Ghirmatzion runs a community advocacy nonprofit that seeks to create housing
and environmental equity for underserved communities. Buffalo has some of
the oldest housing in the entire country, and much of it sits in disrepair
today. PUSH Buffalo is working to update and improve the city’s housing for
existing residents before climate migrants come and put an even larger
burden on the quality housing supply.

“Buffalo went through a very, very deep economic decline economic free fall
for about 50 years. And we really just felt like our neighborhoods were
forgotten. And so, we rallied the troops,” said Ghirmatzion of how her group
has increased affordable housing and improved homes across Buffalo.

PUSH Buffalo wants to make sure natives aren’t left behind as the city grows
into a haven for other Americans.

“What's at stake is an opportunity to really revive our economy but do it in
a way that is in right relationship with the people that are here and in
right relationship with the natural world around us,” said Ghirmatzion.

Buffalo’s infrastructure was built for about half a million people, but
today, the city has about 280,000 residents. There is room to grow, but
there are challenges.

“It is a highly segregated community, and the inequalities are highly
racialized inequalities,” said Ghirmatzion.

“Cities like Buffalo make the mistake of thinking if they build the
infrastructure for the higher income groups, that that's the key to building
the great city,” said Dr. Henry Louis Taylor Jr., a professor at the
University at Buffalo and Director of the UB Center for Urban Studies. “You
have to transform the lives of ordinary people. You have to create quality
neighborhoods for low-income population and groups. The city that gets that
will be the one that attracts all of the groups.”

Ghirmatzion wants to make sure the neighborhood she grew up in are not
gentrified so lower-income families can afford to stay here and move here.
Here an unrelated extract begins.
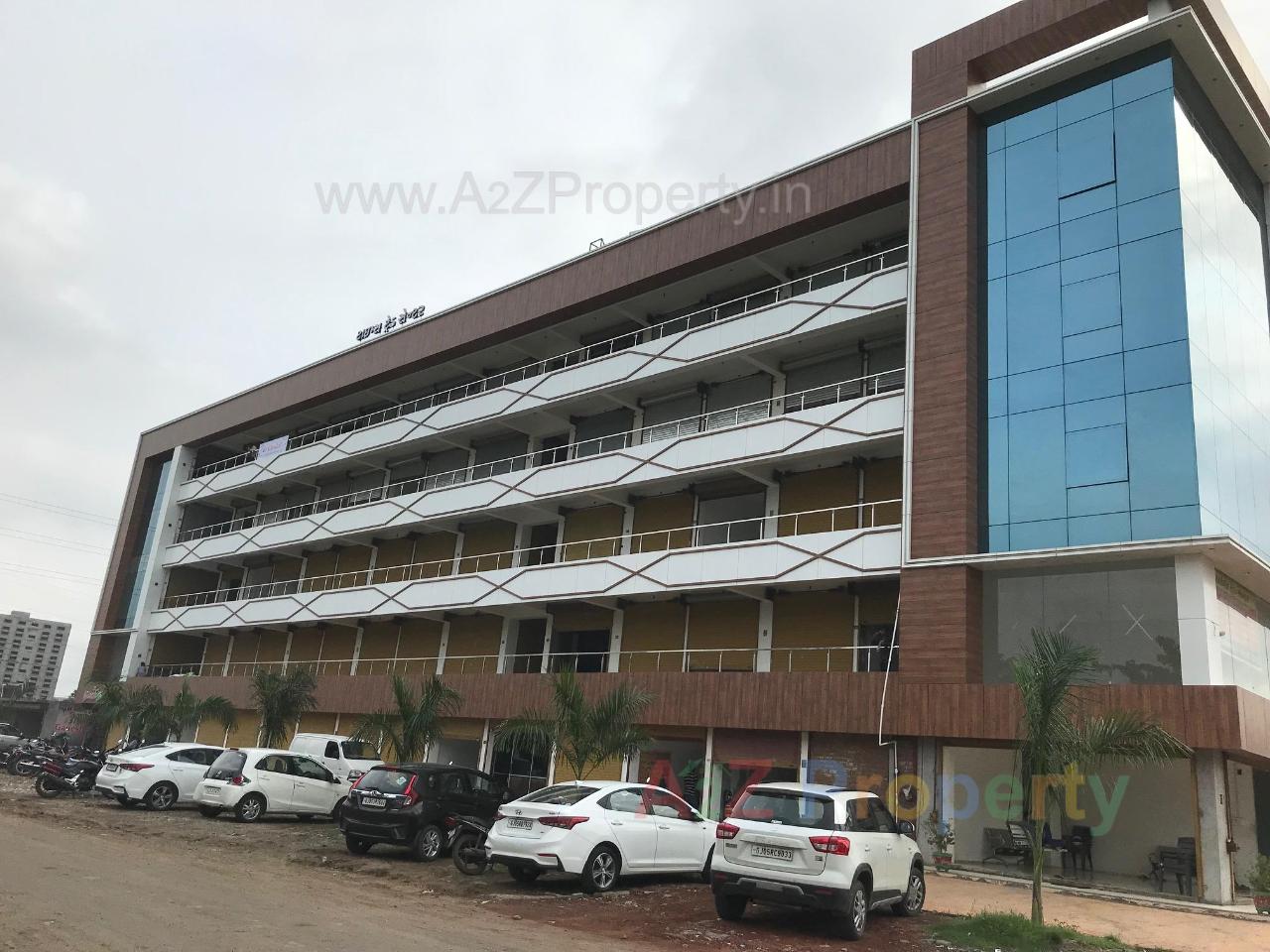 181723_const of real estate project Times Trade Center located at Surat, Surat, Gujarat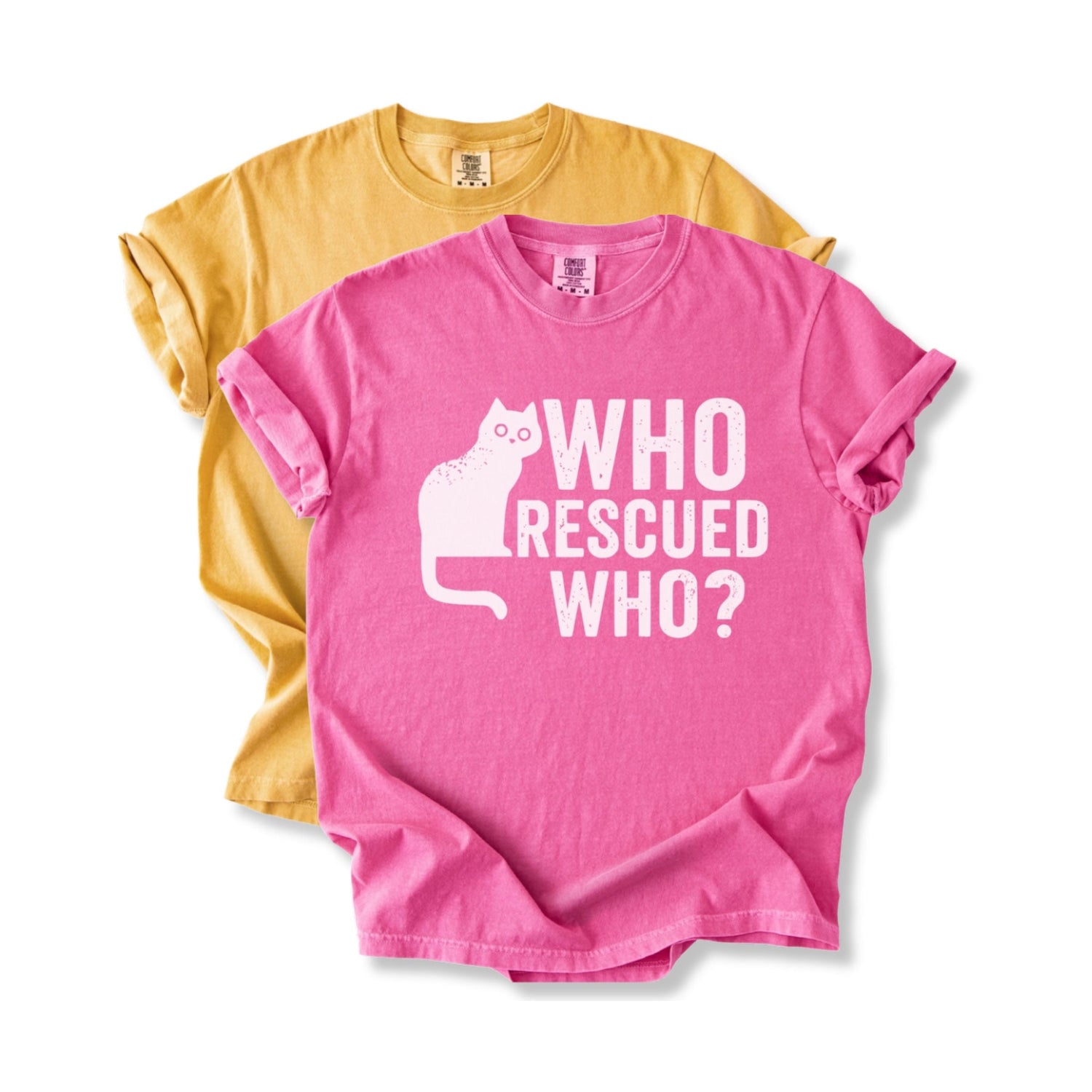 Buy 2 Tees - Save $2 per Shirt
“We are buying up the land, keeping it under community control and keeping
it affordable permanently. And so, what we do is we built affordable rental
units. We also work a lot in green efficiency and new energy technology, but
we're not doing it fast enough.”

The community groups are working to lift the most vulnerable groups to make
sure when higher-income climate migrants come, who have no problem accessing
resources and housing, there are also options for the lower-income families,
too.

The City of Buffalo said it is on board with improving conditions for
families of all income levels to not only improve the city for current
residents, but to prepare Buffalo to be a world example of a climate haven.

“It has to be this two-tiered approach, because otherwise, you really do
risk gentrification. But thinking ahead about that combination of new build
and improving existing infrastructure is how you combat that effectively,”
said Robert Mayer, who works for the City of Buffalo.

Mayer said the city is implementing changes today to things like the zoning
codes to start preparing the city for better housing.

“The desire to have immediacy in action is very strong. But when we're
talking about an existential threat, like global climate change, it's going
to take us years to build up to that,” said Mayer.

Still, the community and city leaders know, if they prepare now, they can
set an example of a greener, more inclusive future.

“Not just for America, but really around the world,” said Ghirmatzion.